Com a inauguração do teatro, a cidade ganhou a mais importante casa de espetáculos do interior do Nordeste. Nesses cinquenta e oito anos de arte e cultura, o TMSC consolidou-se como o epicentro da produção artístico-cultural, abrigando as mais importantes companhias de dança e alguns dos mais destacados espetáculos do Nordeste, que utilizando o palco do nosso teatro realizaram inesquecíveis apresentações, mostrando que a trajetória da cultura na cidade se confunde com a própria história do Teatro Municipal.

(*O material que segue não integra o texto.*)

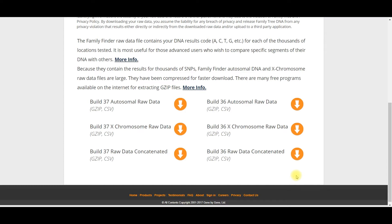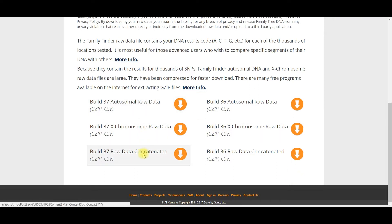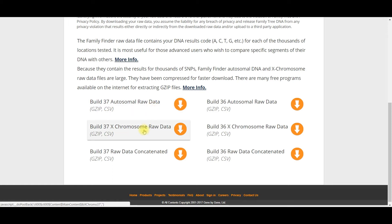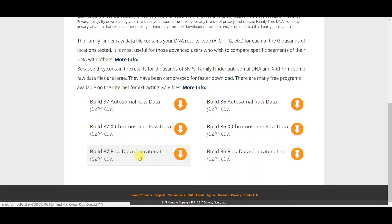Next you see that there are three types of BUILD37 data sets: autosomal raw data, X chromosome raw data, and raw data concatenated. Autosomal raw data includes chromosomes 1-22. Your X chromosome raw data just covers the markers on the X chromosome. And the raw data concatenated includes the autosomal DNA for chromosomes 1-22 as well as the X chromosome. This is the file I recommend downloading.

A falta de um espaço que comportasse espetáculos mais intimistas, e atraísse pequenas plateias, fez nascer, no final dos anos 1970, o Mini Teatro Paulo Pontes (hoje denominado Sala Paulo Pontes), uma reivindicação antiga dos artistas campinenses. O espaço possui 80 lugares e ao lado está localizada a Galeria de Artes Irene Medeiros que expõe trabalhos de artistas de renome e de autônomos, muitos destes artistas que não viam oportunidade de mostrar sua arte em outras galerias.

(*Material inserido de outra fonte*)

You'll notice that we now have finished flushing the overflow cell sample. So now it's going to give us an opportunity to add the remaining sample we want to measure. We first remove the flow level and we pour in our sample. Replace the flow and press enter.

Para atender e instigar o espírito artístico foi criado na década de 1990 uma escola de dança para crianças carentes. A escola funciona até hoje com aulas de balé clássico e contemporâneo. Também existe um Curso de Atores, de atividades circenses e dança para terceira idade.

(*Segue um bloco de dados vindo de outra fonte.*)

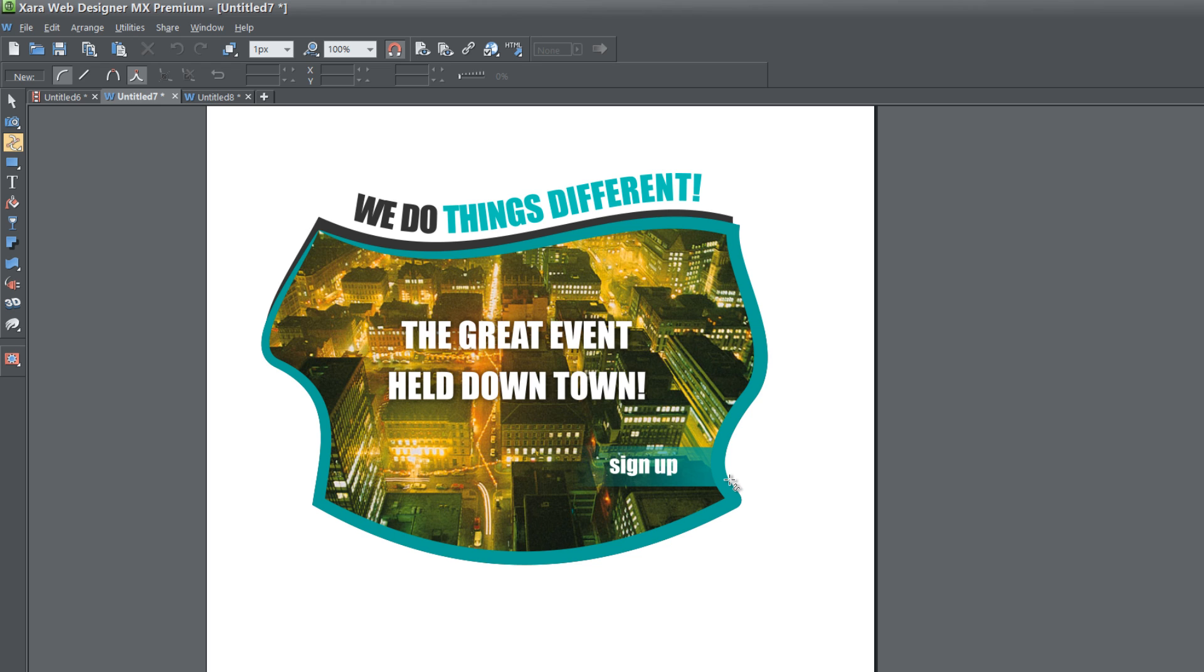You could even use this for event promotion. Maybe there's an image that's promoting an event, you can have a sign up button that they click on to sign up, and you can have a picture in the background.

Na direção da casa já passaram alguns dos nomes mais atuantes do cenário artístico paraibano, como a ativista cultural Eneida Agra Maracajá, o poeta, cenógrafo e atual Secretário adjunto de Cultura João Dantas, os jornalistas Hermano José, Wilson Maux e Saulo Queiroz, a cantora Cida Lobo, a arte-educadora Alana Fernandes, o produtor Aluízio Guimarães, o produtor cultural e artista Erasmo Rafael (no período do sesquicentenário da cidade) e hoje está à frente do Teatro o produtor cultural Carlos Alan Peres.


TMSC - Codecom

Com aniversário de 58 anos a ser comemorado na próxima terça-feira, a Prefeitura através da Secretaria de Cultura organizou uma semana de comemorações que teve início na última quarta com um recital de alunos do Professor Ítalo, do Grupo CCMD Kids. Ontem foi a vez do Ballet Kairós com o espetáculo ‘O segredo das Fadas’. Para a terça, o grande dia, haverá a apresentação de Sonoriah e a animação da Banda Dona Treta. Toda programação é gratuita, basta entrar no site https://www.sympla.com.br/produtor/tmsc e retirar o ingresso. Lembrando que o Teatro ficou fechado por mais de um ano durante a pandemia e mediante a liberação de atividades pelos decretos governamentais, tem voltado à normalidade, seguindo os cuidados e protocolos que preservam funcionários e público da covid19.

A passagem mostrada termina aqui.